BRIEF:
Go to the line holding "1.2 PureTech GT" in the data below. Return it and each line after it through the last, exactly, and skip the pictures.

SOURCE RECORDS:
┄┄┄┄┄┄┄┄┄┄

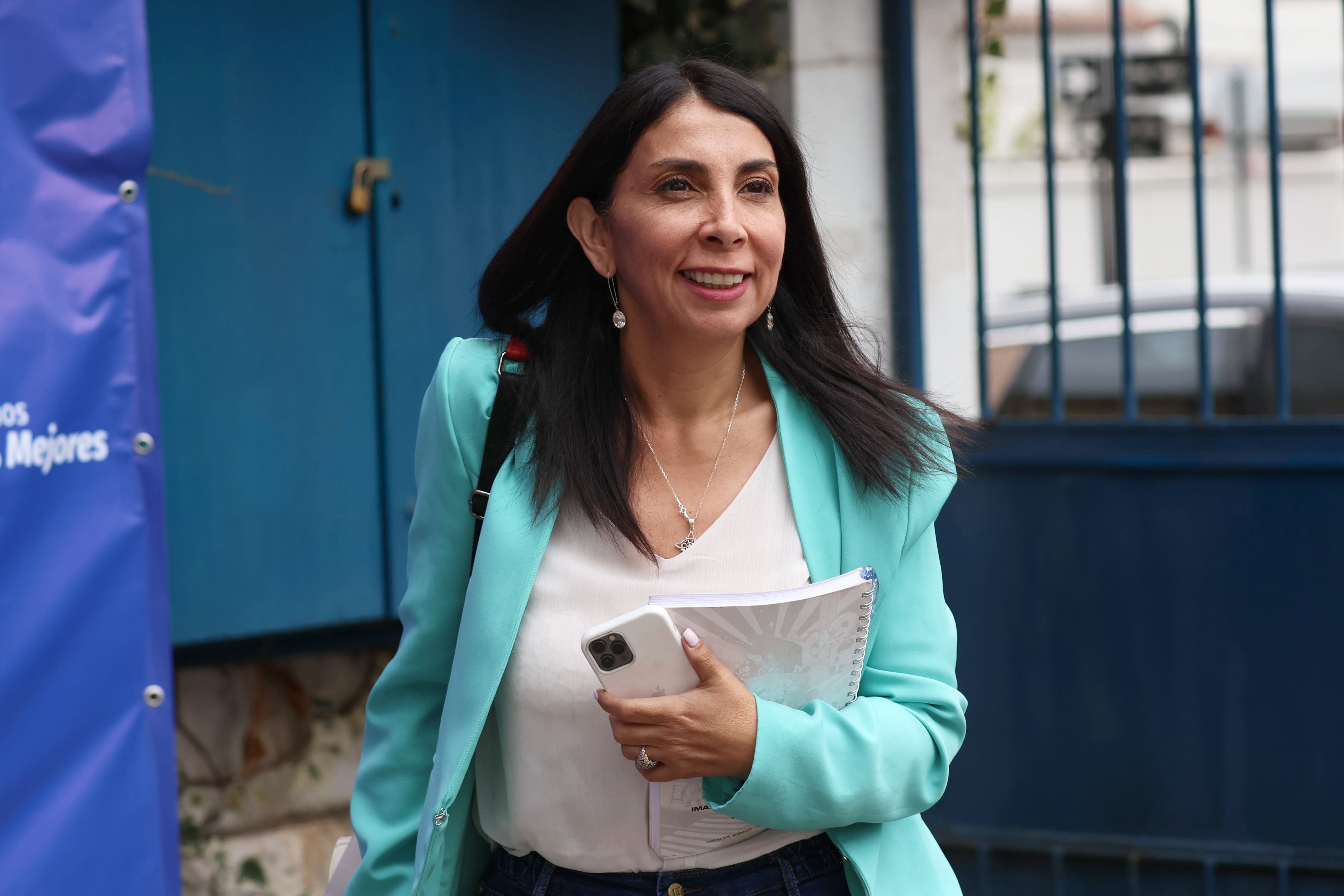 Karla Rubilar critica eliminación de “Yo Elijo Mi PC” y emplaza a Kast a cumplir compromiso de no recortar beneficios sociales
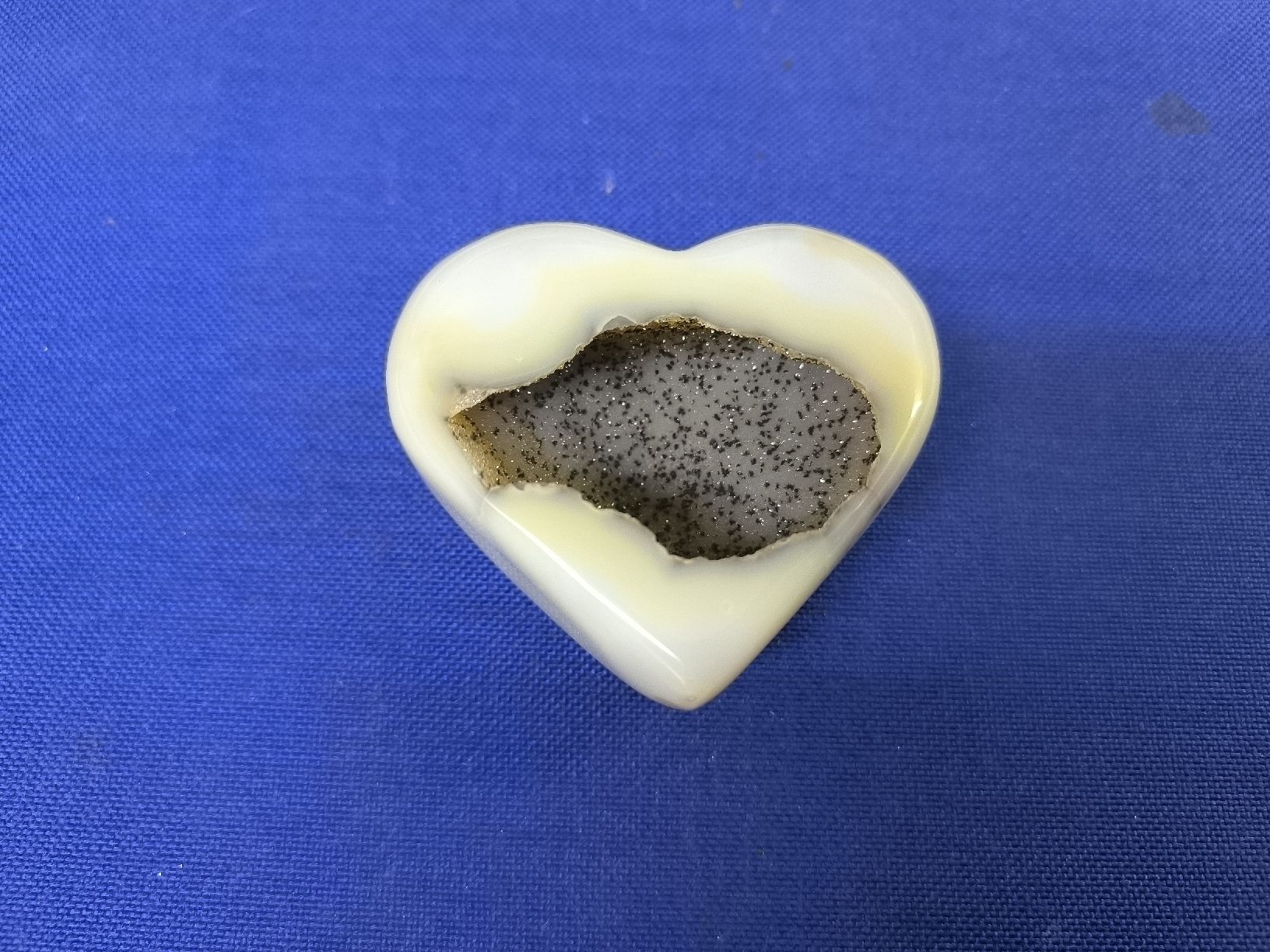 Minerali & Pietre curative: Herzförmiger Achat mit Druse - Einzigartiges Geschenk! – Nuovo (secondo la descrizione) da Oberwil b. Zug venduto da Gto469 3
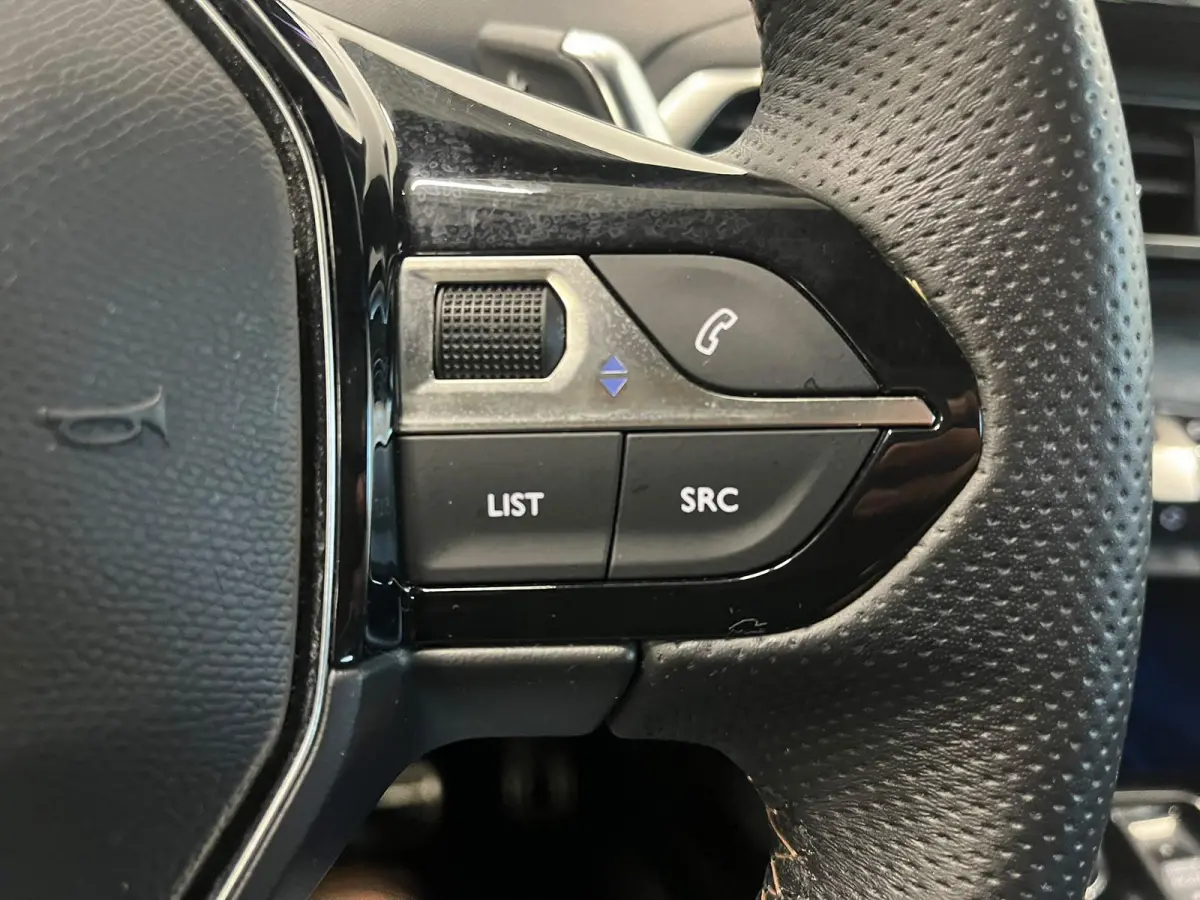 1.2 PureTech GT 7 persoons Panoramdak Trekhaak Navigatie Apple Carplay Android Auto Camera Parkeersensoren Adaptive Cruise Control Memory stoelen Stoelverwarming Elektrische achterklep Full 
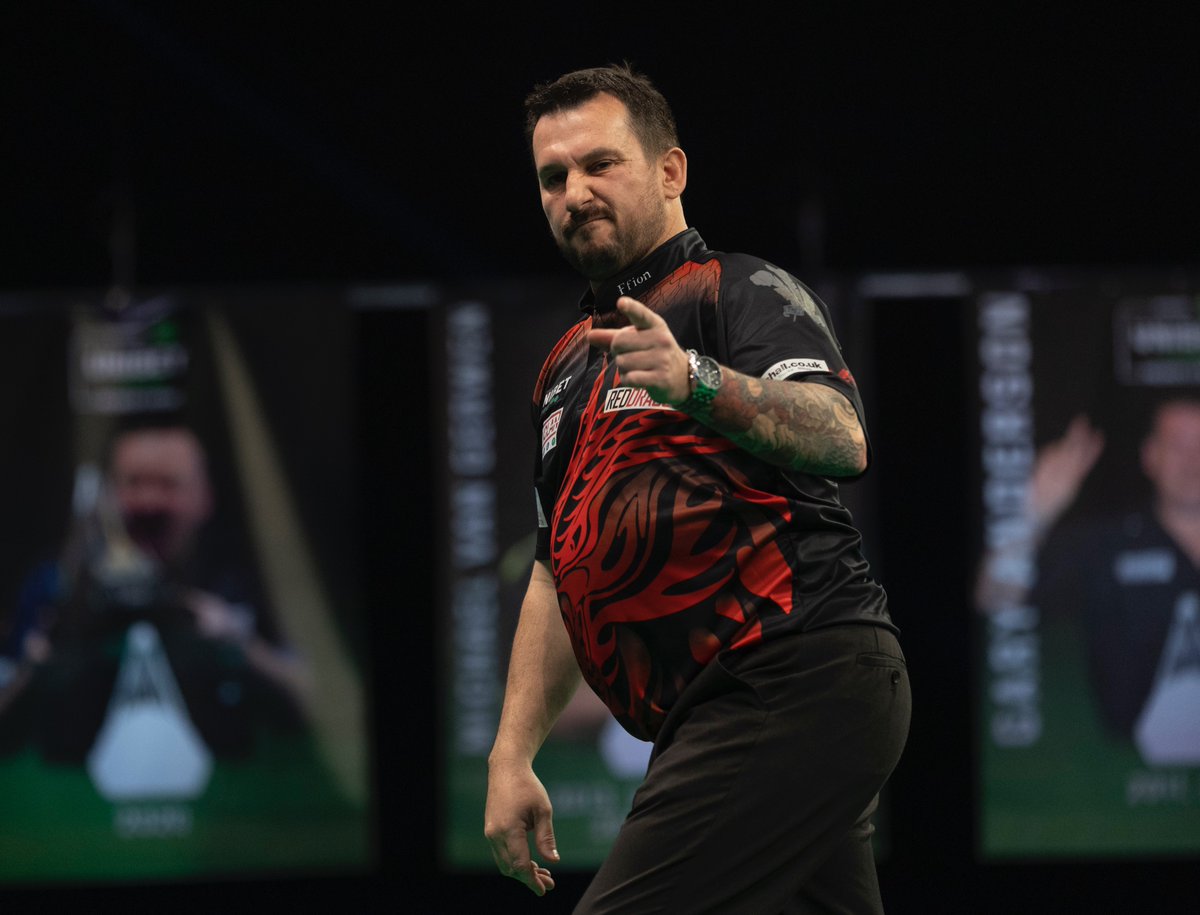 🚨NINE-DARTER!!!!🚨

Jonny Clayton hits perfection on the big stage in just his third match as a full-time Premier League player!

┄┄┄┄┄┄┄┄┄┄

PROBLEM SOLUTION:
 1.2 PureTech GT 7 persoons Panoramdak Trekhaak Navigatie Apple Carplay Android Auto Camera Parkeersensoren Adaptive Cruise Control Memory stoelen Stoelverwarming Elektrische achterklep Full 
 🚨NINE-DARTER!!!!🚨

Jonny Clayton hits perfection on the big stage in just his third match as a full-time Premier League player!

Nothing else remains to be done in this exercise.